Carlo Cardellini is from the University Perugia in Italy. He’s helped develop the method for collecting gas from the soil using a device called an accumulation chamber. But he’s got a slightly more flavorful metaphor.

“And we place a chamber on the top of the soil, it’s like a cooking pot,” said Cardellini. “And we leave  the concentration of carbon dioxide to increase inside the chamber. And the rate of increasing is something that is linked to the amount of gas that is passing from the soil to the atmosphere. So we are catching this increase, and we can compute how much gas is escaping from the soil.”

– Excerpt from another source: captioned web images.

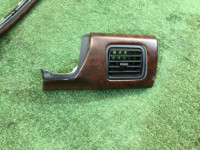 Embellecedor del salpicadero Дерево SUBARU FORESTER OEM 66045SA020ML 66045SA000ML SG5 2006 51E
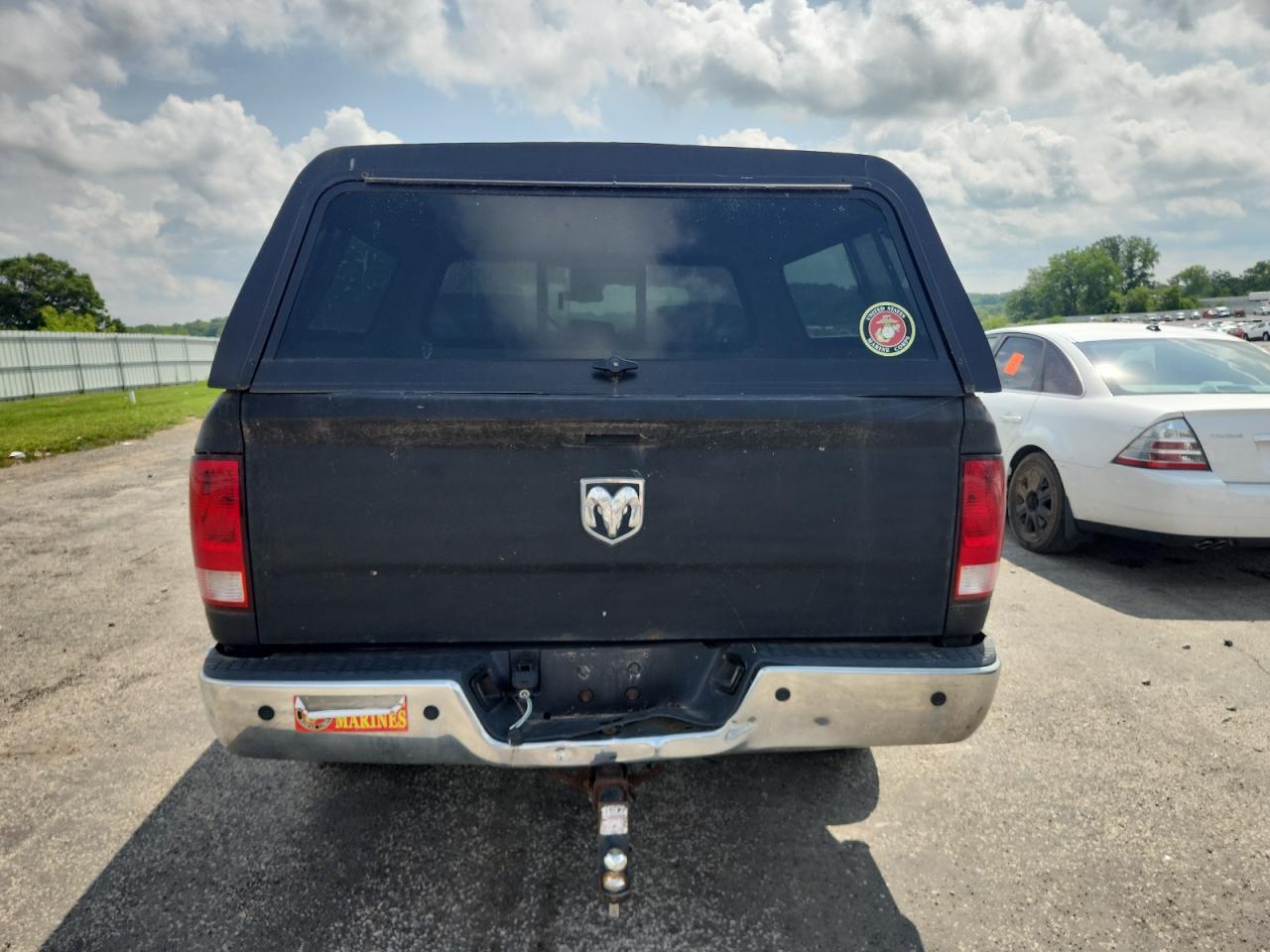2013 Ram 1500 Slt VIN: 1C6RR7LP8DS572398 Lot: 63094245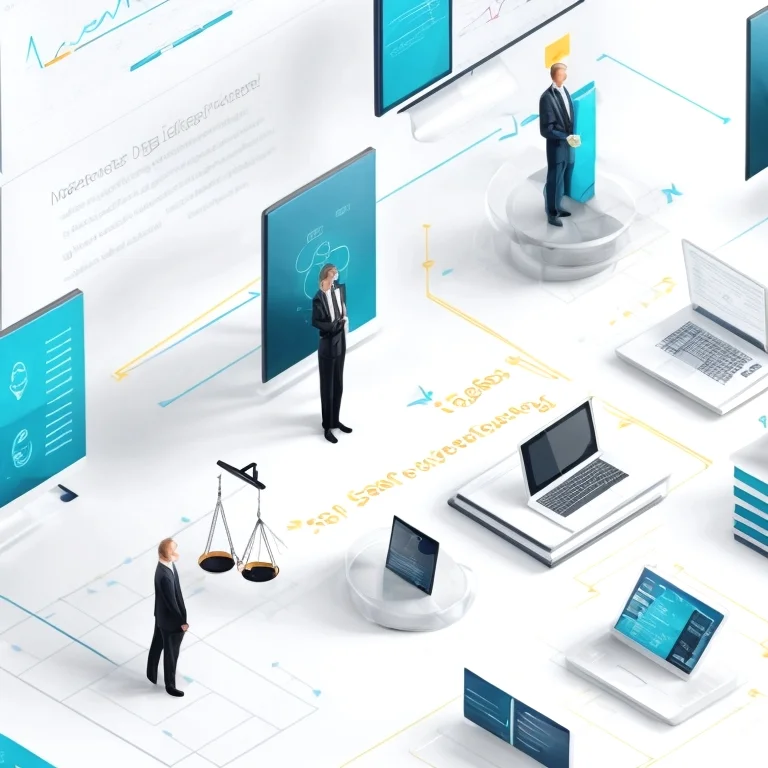 Legal advice session at ITLawPoint office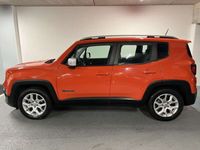 occasion Jeep Renegade 1.4 MultiAir S\u0026S 140ch Limited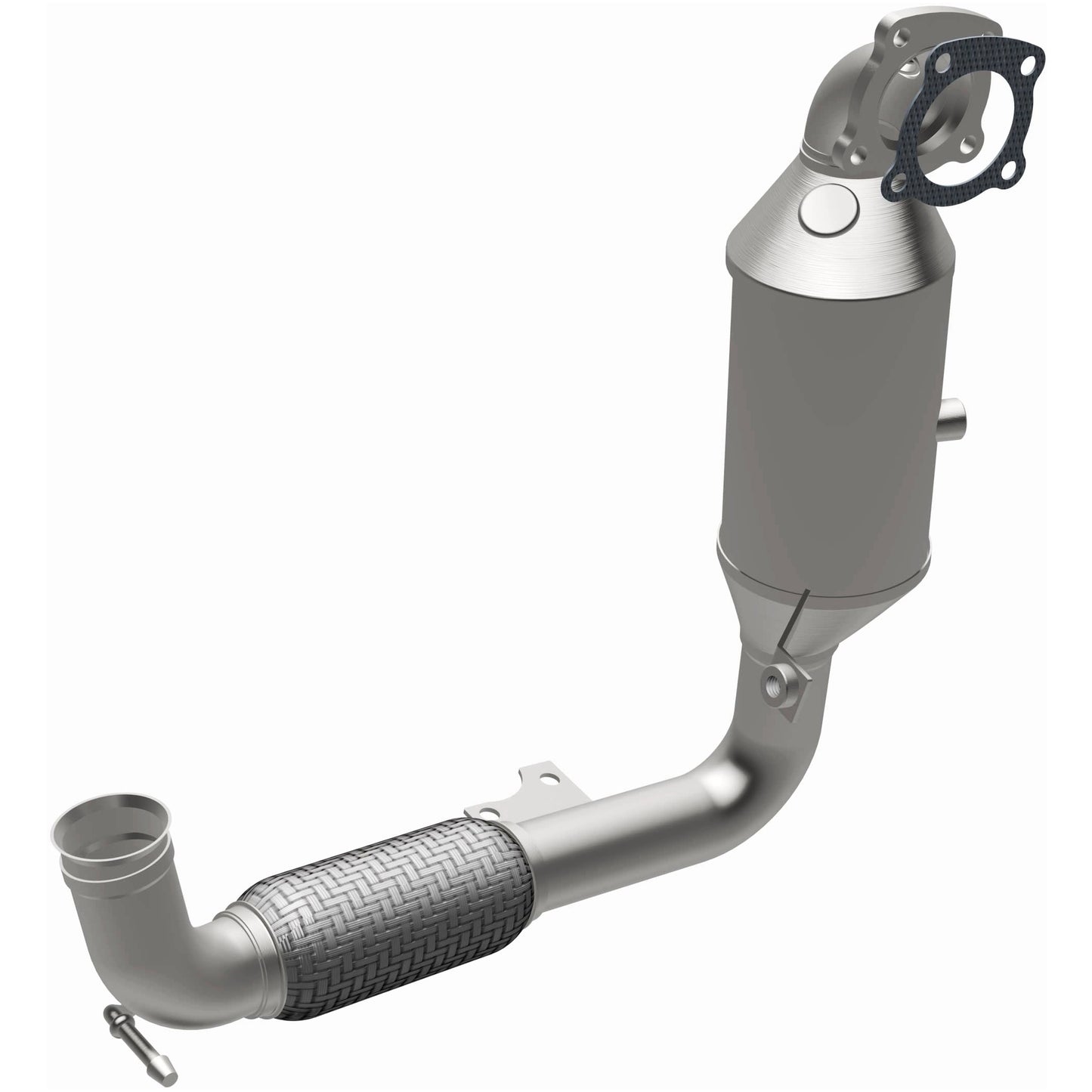 2018-2020 Ford EcoSport OEM Grade Federal / EPA Catalytic Converter 280213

University of Perugia Department of Physics and Geology associate professor Carlo Cardellini, left, sinks his accumulation chamber — or “cooking pot” — into a tide pool emitting a strong smell of sulfur at a beach on Kruzof Island. Geophysical Institute research associate professor Taryn Lopez records data. (UAF/GI photo by JR Ancheta)

Cardellini uses an infrared sensor that continuously measures the concentration of CO2 in the cooking pot, if you will, but he also collects samples to take back and study in the lab. CO2 produced by magma will have a different isotopic signature than CO2 produced by organic decomposition – and there is a lot of organic decomposition on the slopes of Mt. Edgecumbe, which are primarily wetlands.

For the bigger picture, you’ve got to be airborne. Taryn Lopez is a volcanologist with the Alaska Volcano Observatory. While the others are sampling the slopes of the crater, she’ll be overhead doing what is called a “gas flight.”

“Some gasses exsolve, which means they form bubbles really deep, such as CO2,” Lopez said. “Where things like water and SO2 (sulfur dioxide) which are common volcanic gasses exsolve very shallow. So what we’re looking for is the composition of the gasses. If we see gasses, and if we see the composition, we can tell if the magma is deep or shallow. 

Helicopter arrives

This is the first morning of several that the team has been in Sitka, that the rim of the Mt. Edgecumbe crater is visible, 3,200 feet above Sitka Sound, and the helicopter pilot is ready to fly.

Társilo Girona tells me that all the data and information collected by the Geophysical Institute team will be published in several papers, and shared with the Alaska Volcano Observatory, which is sending its own team to Mt. Edgecumbe later this summer. And hopefully, Girona said, “We can better understand how the volcano works.”